Mercredi, le conseil central de surveillance pénitentiaire (CCSP) a présenté son rapport sur les conditions de détention et de soins à l’établissement de défense sociale de Paifve (EDS). Les dysfonctionnements qui y sont pointés du doigt, la CSC Services publics les dénonce depuis de nombreuses années. Elle a multiplié les appels à l’aide, en vain !

«Nous n’avons cessé de mettre en avant le manque de personnel médical mais sans résultat», déplorent les délégués CSC de l’EDS.

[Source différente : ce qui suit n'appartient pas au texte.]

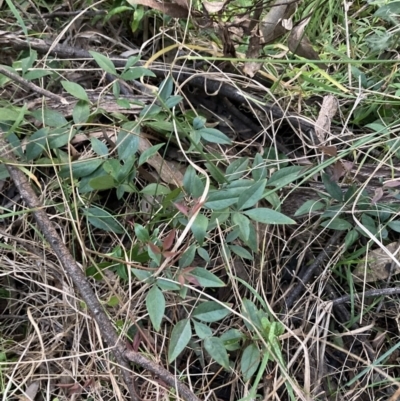 Nandina domestica (Sacred Bamboo) at Hackett, ACT - 5 Sep 2023 by waltraud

La construction, éventuelle, d’un centre de psychiatrie légale ne doit pas occulter les problèmes récurrents actuels. Le manque de moyens médicaux a un impact énorme sur les conditions de travail du personnel comme il nuit à la santé de la population internée, avec malheureusement, des situations extrêmement tendues.

Depuis 2018, la promesse d’un cadre médical suffisant a été faite. Pourtant, à ce jour, les heures de présence de psychiatres ne sont toujours pas suffisantes : +/- 40 heures par semaine pour 198 internés ! Et il est toujours impossible d’assurer une présence infirmière 24h sur 24.

En attendant, le personnel en place est toujours abandonné à son sort au même titre que les internés.

De même, les dossiers "infrastructures" concernant l’institution ne sont jamais traités de manière prioritaire.

Au regard des intentions qui figurent dans l’accord de gouvernement, la CSC Services publics espère que le dossier de l’EDS de Paifve sera enfin traité en urgence !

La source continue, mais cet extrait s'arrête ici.